ご家族と一緒に「どっちがいいか」を考える時、私が見ている3つの視点をまとめます。
視点1: 「動作の練習場所」が、どこにあるか
病院・施設のリハビリ室で歩けても、自宅で歩けないことはよくあります。
段差。
家具の配置。
廊下の幅。
玄関の上がりかまち。
「実際の生活の場で動く」ことが目標なら、訪問が早道です。
視点2: 機器や設備が、どれだけ必要か
専門的な機器を使った訓練が必要な時期は、外来の方が向いている。
「やれることが多い」のは、設備が揃っている場所です。
逆に言うと、機器がなくてもできる時期に入ったら、訪問に切り替える価値があります。
視点3: 「外に出る」こと自体に意味があるか
家にこもりがちな方にとって、外来に「行く」こと自体がリハビリになります。
社会との接点を増やす。
ご家族以外の人と話す。
外の景色を見る。
これも、機能訓練と同じくらい大切な要素です。
> 「設備で行く外来」か「生活で行う訪問」か。
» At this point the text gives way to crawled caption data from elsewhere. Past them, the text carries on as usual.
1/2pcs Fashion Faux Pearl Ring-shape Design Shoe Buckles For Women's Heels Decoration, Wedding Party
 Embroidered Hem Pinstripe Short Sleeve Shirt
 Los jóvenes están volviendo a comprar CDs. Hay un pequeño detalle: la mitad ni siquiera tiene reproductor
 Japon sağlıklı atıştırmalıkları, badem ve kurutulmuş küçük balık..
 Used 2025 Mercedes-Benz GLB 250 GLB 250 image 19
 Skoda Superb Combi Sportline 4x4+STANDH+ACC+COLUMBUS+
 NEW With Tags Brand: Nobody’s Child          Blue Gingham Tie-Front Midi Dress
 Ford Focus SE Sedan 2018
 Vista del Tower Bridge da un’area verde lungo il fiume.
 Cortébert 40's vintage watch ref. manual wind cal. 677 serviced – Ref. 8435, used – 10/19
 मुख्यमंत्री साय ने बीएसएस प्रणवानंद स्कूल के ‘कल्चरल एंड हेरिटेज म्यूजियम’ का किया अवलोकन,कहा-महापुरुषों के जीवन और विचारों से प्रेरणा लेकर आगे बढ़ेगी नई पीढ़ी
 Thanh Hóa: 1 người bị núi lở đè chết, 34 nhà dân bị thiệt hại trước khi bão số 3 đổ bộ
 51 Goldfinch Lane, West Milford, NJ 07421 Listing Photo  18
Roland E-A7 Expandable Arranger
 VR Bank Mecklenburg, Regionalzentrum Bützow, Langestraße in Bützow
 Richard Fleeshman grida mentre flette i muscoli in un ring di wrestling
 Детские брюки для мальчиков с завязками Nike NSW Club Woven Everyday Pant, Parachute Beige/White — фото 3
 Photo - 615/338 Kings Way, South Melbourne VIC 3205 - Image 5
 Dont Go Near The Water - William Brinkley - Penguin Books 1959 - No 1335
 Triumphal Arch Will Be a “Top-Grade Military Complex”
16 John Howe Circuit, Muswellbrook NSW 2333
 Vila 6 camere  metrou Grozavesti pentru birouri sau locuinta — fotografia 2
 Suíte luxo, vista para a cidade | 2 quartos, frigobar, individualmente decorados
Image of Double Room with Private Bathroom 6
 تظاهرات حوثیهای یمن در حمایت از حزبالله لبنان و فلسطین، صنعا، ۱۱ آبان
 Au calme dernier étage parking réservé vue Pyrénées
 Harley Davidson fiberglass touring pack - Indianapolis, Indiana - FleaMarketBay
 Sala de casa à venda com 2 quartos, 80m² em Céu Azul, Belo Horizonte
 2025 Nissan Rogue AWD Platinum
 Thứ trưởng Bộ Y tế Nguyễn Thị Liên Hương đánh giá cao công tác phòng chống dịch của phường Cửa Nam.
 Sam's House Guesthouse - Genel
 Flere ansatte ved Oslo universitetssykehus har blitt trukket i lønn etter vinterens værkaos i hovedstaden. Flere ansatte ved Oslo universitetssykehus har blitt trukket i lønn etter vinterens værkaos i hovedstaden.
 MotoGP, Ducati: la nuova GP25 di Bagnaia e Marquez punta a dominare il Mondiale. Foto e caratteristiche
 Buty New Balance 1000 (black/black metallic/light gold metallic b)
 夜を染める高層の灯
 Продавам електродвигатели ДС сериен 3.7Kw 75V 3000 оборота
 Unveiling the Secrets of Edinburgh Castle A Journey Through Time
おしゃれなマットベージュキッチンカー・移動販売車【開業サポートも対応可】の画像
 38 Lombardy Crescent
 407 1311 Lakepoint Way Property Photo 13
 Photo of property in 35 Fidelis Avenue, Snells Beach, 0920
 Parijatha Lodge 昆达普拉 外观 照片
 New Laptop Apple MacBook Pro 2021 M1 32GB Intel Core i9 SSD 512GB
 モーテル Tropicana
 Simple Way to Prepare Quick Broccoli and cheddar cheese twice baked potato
目的によって、選ぶ場所は変わる。
併用も、もちろんアリ
「外来は週1、訪問は週1」で組み合わせるご家庭も増えています。
それぞれの強みを活かす設計です。
「どっちか1つを選ばないといけない」と思い込まなくていい。
さいごに
今の状態と、これから目指したい生活を中心に、組み合わせを決めていく。
正解は1つじゃなくて、その方の暮らしの中にあります。
迷ったら、ケアマネさんに「両方ありえますか?」と聞いてみる。
それが、選択肢を広げる最初の一歩です。